Se parte de una base sólida, de unos fundamentos sobre los que a lo largo de la historia se construye una lengua. Esa solidez, nutrida por los hablantes, es lo que hace que la lengua sobreviva en el tiempo.
Pero hay quien confunde la casa con sus cimientos y, cuando la fachada cambia o el diseño se modifica un poco, entran en pánico.
Es cuando se escuchan voces —a veces hasta razonables— diciendo que algunos hablantes y algunos escritores “destruyen” la lengua. Recientemente un lector dijo que nunca se debió haber utilizado Beijing para referirse a la capital de China, durante los Juegos Olímpicos del año pasado. Que la palabra era Pekín.

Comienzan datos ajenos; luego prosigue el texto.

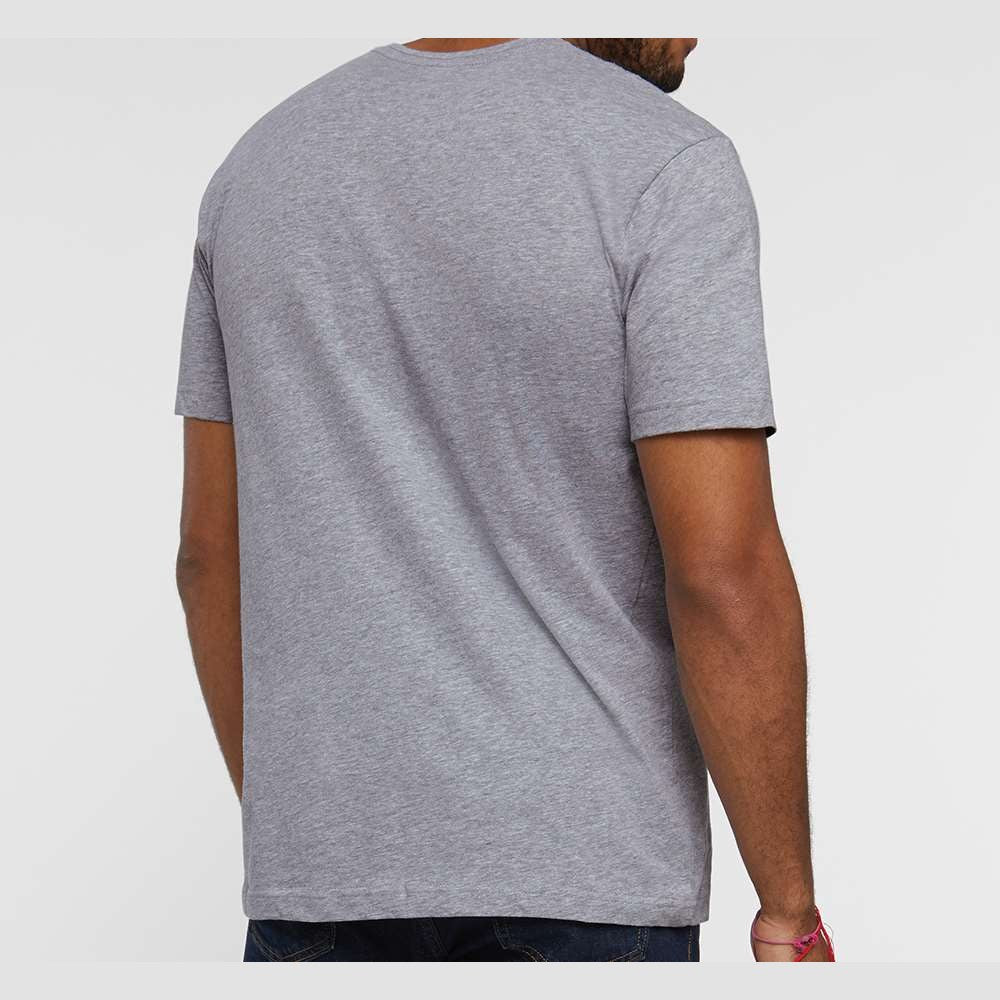 LAT Unisex Fine Jersey Tee Full Color - Heather - On Model Back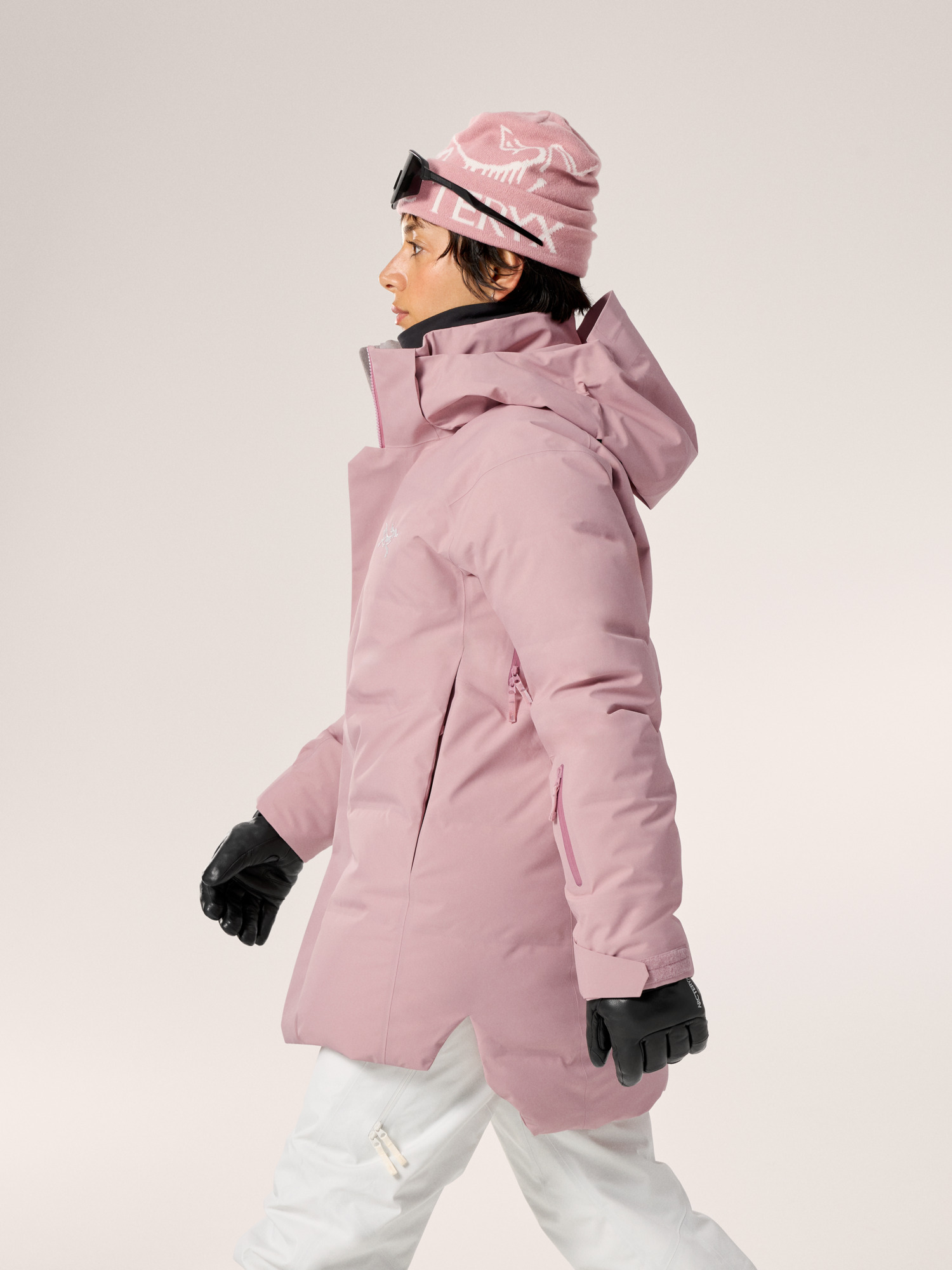 Andessa Down Mid Jacket Women's Bliss Side View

Pero esa fue una opción de muchos medios de comunicación en español en este hemisferio: “Beijing 2008”.
Hace un par de semanas, un titular de la página de deportes aseguraba que la selección nacional de fútbol de El Salvador iba “a por todas”.
Aunque muchos entiendan la expresión —utilizada en prensa de España y en populares sitios web de equipos como el Real Madrid o el Barcelona— inmediatamente también comprendieron que sonaba demasiado ibérica.
Otro reclamo: una lectora pregunta por qué se utilizó la palabra “lentillas” en lugar de “lentes de contacto” en un artículo de salud.
Tenía razón en que la segunda era más común para los lectores latinos. No tenía ninguna razón en despreciar la primera.
Una lengua es un ser vivo, un bebé al que no se puede detener en su crecimiento y desarrollo. Pasa por fases, según la historia y los ambientes en los que se sumerge.
Pretender detener el crecimiento de un niño o evitar que se equivoque equivale a querer tapar el sol con un dedo. Es más, en el constante devenir de una lengua lo que hoy son aberraciones en los oídos más puros, mañana puede ser un vocablo común.
Un ejemplo: en los últimos 20 años en el debate del español de Estados Unidos se han escuchado agresivos y fundamentados ataques contra el uso de palabras como aplicar y aplicación. Hasta hace poco se aceptaba aplicar una mano de pintura a la pared, pero no aplicar a la universidad donde, además, se llenaban formularios, no aplicaciones. Hoy se aplica y se llenan aplicaciones, al igual que se solicita, se matricula y se llenan solicitudes. Estar felizmente contaminado por el inglés no es una tragedia.
Es parte de la realidad lingüística, cultural y sociológica. De la misma manera que el inglés ha asumido y sigue asumiendo léxico del idioma español.
Si se lee más arriba, se recordará que se habla del “español de Estados Unidos” (la preposición “de” es la clave: hay que asumirla sin temor). Tomamos posesión y somos poseídos en dosis igualmente impactantes.